Os mais otimistas prevêem que, com os BioBricks, a biologia avance do mesmo modo que a computação progrediu com a invenção dos chips. Assim como acontece na eletrônica, eles esperam que esse dispositivo seja a base da biologia sintética industrializada. O DNA de um BioBrick contém uma combinação de genes que atua como um componente padronizado. Quando orienta a formação de proteínas dentro da célula, obriga aquela célula a fazer algo diferente. Endy está interessado em desenvolver sistemas do tipo "liga e desliga", que regulem outros genes.

Os objetivos da nova ciência são nobres: inventar remédios para doenças negligenciadas como a malária, reduzir o uso de herbicidas, despoluir o ambiente. Apesar de todo o entusiasmo, por enquanto há poucos resultados concretos. Os BioBricks têm sido usados em experiências simples apenas para demonstrar a validade do conceito. Mas os progressos nessa área são rápidos. Rob Carlson, pesquisador da Universidade de Washington, acredita que a evolução das técnicas tornará possível, até o final da década, sintetizar uma amostra do tamanho de todo o genoma humano em um único dia.

"Ainda não há muitos dados disponíveis", afirma J. Craig Venter, presidente do instituto de mesmo nome em Rockville, em Maryland. Em 1998, o controverso Venter decidiu decifrar o genoma humano e se lançou em uma competição com o Human Genome Project, bancado com dinheiro público. O cientista está envolvido em nova polêmica. Em vez de analisar genes, agora ele está sintetizando genomas. Ele diz que está criando o "genoma mínimo". Trata-se do conjunto de genes de uma bactéria feito em laboratório. O genoma dela é composto da menor quantidade possível de genes necessários para a manutenção da vida. Um material como esse apresenta duas vantagens para quem lida com biologia sintética. Primeira: é fácil de ser feito porque é pequeno. Segunda: não seria capaz de sobreviver fora do laboratório e, portanto, ofereceria pouco risco de ser usado como arma biológica.
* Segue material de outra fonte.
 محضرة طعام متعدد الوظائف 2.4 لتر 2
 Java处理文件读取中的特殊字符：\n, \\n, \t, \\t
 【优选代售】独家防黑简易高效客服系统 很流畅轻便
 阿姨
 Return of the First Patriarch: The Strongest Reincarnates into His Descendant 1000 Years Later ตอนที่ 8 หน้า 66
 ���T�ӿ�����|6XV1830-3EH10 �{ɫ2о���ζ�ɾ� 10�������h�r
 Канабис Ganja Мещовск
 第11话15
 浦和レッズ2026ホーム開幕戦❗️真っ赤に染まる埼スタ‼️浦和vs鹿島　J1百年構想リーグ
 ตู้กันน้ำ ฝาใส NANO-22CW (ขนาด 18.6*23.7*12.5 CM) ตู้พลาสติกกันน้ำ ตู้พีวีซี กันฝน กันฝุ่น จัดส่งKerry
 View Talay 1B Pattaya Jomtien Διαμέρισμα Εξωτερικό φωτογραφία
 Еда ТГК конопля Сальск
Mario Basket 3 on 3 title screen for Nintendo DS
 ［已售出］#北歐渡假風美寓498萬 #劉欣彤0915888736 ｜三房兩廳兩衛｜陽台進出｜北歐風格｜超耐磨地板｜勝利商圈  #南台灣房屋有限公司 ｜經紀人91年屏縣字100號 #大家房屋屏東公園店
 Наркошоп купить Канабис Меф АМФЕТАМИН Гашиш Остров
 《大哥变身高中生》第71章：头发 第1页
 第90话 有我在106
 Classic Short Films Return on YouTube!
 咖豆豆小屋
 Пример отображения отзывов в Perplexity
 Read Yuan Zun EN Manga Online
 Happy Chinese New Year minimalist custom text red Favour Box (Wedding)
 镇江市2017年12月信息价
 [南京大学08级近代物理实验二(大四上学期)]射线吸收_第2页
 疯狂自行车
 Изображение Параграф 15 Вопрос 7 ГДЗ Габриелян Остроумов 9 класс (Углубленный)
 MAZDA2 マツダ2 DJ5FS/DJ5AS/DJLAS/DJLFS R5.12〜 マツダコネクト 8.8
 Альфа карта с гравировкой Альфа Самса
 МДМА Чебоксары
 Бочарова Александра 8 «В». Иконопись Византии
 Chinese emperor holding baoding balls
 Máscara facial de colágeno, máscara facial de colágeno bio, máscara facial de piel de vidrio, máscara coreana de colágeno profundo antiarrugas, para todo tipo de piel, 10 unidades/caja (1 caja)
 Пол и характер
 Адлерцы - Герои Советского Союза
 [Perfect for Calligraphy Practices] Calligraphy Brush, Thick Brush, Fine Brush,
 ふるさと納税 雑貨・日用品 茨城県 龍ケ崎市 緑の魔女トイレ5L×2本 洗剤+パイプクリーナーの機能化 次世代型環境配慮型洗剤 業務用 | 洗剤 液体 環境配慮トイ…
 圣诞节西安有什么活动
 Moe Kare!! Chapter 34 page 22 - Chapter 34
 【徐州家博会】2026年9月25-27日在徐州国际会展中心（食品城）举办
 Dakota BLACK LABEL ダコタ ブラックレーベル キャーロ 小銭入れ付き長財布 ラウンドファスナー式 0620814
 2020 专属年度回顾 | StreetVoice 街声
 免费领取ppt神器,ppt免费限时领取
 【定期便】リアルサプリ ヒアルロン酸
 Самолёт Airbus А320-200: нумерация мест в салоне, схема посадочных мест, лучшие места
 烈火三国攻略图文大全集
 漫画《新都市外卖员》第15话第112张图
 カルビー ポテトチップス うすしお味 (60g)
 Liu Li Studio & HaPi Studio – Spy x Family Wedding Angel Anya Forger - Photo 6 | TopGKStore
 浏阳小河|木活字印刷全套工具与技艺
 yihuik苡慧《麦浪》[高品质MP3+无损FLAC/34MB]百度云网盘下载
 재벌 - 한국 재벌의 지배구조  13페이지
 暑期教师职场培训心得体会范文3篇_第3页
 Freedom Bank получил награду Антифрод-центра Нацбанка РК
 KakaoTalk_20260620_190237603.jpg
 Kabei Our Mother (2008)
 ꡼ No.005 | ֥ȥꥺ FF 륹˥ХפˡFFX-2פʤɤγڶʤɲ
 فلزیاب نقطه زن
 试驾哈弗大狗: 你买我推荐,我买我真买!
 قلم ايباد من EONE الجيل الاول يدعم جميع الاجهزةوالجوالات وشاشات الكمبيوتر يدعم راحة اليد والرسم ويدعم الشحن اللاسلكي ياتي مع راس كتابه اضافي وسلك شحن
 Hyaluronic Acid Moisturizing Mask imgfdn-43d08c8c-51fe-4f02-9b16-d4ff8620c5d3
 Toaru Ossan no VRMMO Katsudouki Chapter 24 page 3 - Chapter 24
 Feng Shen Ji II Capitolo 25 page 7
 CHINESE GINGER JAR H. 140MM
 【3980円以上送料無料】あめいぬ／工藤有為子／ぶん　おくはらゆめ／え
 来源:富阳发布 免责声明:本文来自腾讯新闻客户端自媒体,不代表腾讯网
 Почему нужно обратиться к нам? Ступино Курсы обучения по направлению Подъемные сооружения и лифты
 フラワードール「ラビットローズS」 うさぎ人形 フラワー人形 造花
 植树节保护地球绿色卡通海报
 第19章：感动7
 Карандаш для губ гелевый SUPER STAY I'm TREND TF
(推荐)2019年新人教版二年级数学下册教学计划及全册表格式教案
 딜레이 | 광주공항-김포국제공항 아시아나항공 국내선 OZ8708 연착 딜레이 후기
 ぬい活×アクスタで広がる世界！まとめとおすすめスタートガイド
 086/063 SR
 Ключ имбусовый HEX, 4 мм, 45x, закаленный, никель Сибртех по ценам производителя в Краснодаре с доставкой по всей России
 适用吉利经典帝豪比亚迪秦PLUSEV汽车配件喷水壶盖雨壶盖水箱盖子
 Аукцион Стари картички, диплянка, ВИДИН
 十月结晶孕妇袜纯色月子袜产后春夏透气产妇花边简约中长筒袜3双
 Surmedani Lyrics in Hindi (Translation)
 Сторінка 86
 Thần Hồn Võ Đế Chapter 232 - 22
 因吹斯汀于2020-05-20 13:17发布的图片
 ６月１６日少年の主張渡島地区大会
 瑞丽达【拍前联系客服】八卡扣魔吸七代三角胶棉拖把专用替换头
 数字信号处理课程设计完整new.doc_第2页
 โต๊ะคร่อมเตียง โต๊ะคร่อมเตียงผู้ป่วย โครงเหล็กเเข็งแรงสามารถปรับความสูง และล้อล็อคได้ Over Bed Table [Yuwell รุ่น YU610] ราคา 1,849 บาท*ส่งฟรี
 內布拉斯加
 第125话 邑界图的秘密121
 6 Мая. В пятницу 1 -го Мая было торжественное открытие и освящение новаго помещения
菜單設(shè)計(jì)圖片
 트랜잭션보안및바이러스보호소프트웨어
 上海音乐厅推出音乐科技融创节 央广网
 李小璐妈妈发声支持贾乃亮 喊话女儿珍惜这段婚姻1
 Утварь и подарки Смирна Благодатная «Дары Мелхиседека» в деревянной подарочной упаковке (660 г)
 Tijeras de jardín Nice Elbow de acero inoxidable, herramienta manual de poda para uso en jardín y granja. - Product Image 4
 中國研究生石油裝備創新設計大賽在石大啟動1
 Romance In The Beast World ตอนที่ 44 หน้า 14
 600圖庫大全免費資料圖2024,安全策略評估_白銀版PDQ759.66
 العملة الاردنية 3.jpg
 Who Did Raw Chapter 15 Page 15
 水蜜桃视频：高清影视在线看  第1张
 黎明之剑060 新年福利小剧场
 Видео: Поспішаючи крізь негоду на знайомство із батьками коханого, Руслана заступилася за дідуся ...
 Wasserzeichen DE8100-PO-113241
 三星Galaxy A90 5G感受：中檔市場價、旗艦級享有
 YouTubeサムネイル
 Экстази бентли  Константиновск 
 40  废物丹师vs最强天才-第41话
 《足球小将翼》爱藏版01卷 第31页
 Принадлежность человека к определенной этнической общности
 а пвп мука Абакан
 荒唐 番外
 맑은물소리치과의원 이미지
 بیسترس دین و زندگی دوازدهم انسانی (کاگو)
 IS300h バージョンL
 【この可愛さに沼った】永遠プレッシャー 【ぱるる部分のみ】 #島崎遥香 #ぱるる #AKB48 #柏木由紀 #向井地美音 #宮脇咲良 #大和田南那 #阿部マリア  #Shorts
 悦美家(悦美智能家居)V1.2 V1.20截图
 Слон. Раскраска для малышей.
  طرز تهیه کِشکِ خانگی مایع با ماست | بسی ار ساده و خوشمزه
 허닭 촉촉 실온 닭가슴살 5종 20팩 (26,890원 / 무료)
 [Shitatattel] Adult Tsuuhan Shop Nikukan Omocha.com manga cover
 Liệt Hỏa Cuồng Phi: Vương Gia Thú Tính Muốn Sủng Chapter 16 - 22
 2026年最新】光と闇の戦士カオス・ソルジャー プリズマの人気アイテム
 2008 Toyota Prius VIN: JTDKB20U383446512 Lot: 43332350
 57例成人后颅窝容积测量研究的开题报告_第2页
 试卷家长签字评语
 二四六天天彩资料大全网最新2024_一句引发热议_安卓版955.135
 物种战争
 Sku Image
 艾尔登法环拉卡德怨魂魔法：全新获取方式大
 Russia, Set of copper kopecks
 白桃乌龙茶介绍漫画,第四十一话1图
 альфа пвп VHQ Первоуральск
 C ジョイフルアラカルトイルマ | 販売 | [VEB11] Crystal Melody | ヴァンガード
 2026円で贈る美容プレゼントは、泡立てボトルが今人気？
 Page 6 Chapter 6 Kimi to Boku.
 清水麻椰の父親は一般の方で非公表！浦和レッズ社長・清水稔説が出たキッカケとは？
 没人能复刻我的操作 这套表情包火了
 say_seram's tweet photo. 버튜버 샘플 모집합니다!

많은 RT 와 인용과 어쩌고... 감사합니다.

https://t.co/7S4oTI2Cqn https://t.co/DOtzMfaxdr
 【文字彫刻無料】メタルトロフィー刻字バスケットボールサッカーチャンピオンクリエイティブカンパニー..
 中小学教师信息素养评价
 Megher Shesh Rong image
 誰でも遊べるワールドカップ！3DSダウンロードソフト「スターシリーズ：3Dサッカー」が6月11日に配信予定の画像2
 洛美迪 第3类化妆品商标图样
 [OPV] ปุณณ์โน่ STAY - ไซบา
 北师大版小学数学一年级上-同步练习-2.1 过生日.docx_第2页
Não existe tecnologia livre de perigos, mas os da biologia são enormes. Afinal, a matéria-prima é cultivada. Pode se reproduzir e fugir do controle. Quanto mais a informação genética se multiplica e o custo dos equipamentos cai, mais surgem "biohackers", gente que rouba dados biológicos depositados em bancos internacionais. Na maioria das vezes, com o simples objetivo de fazer arruaça, mas em outras com intenção criminosa. Os próprios especialistas decidiram organizar debates públicos para criar um código de ética e medidas de segurança para o setor. Uma das idéias é fazer um registro de todos os profissionais que lidam com esse tipo de material. Outro projeto prevê a inclusão de alterações nas "peças de DNA". Elas poderiam se autodestruir caso fossem retiradas do ambiente de pesquisa.

A preocupação é justificável. Com um equipamento de segunda mão e US$ 50 mil é possível botar para funcionar um laboratório caseiro de biotecnologia. O número de pessoas que lidam com esse ramo da ciência por hobby ainda é pequeno. Mas tende a crescer. Não faltam jovens graduados em Biologia que saem das universidades com treinamento e a esperança de tornar-se milionários da biotecnologia a partir de empreendimentos caseiros. É o caso da Agribiotics, empresa de biotecnologia aplicada à agricultura, que foi vendida recentemente por US$ 24 milhões. Ela nasceu no porão de uma casa de família.

Todo o ramo da biologia sintética é embrionário. Mas já atrai investimentos altos, do governo americano e de universidades de ponta. Se for bem-sucedido, uma das conseqüências será tornar menos nítida a fronteira entre o que é vida e o que não é. Outra conseqüência pode ser o salto da revolução digital para a revolução biológica. Os carros só se tornaram populares no mundo depois que o engenheiro americano Henry Ford inventou um modo de produzi-los em massa. Foi a linha de montagem clássica. Os computadores também só se popularizaram depois da invenção do chip. O que inspira os cientistas ligados à biologia sintética é a chance de uma evolução similar. Com os BioBricks, seria possível produzir não apenas remédios mais eficientes e mais baratos. Também materiais industriais, e até fontes de energia, como o etanol.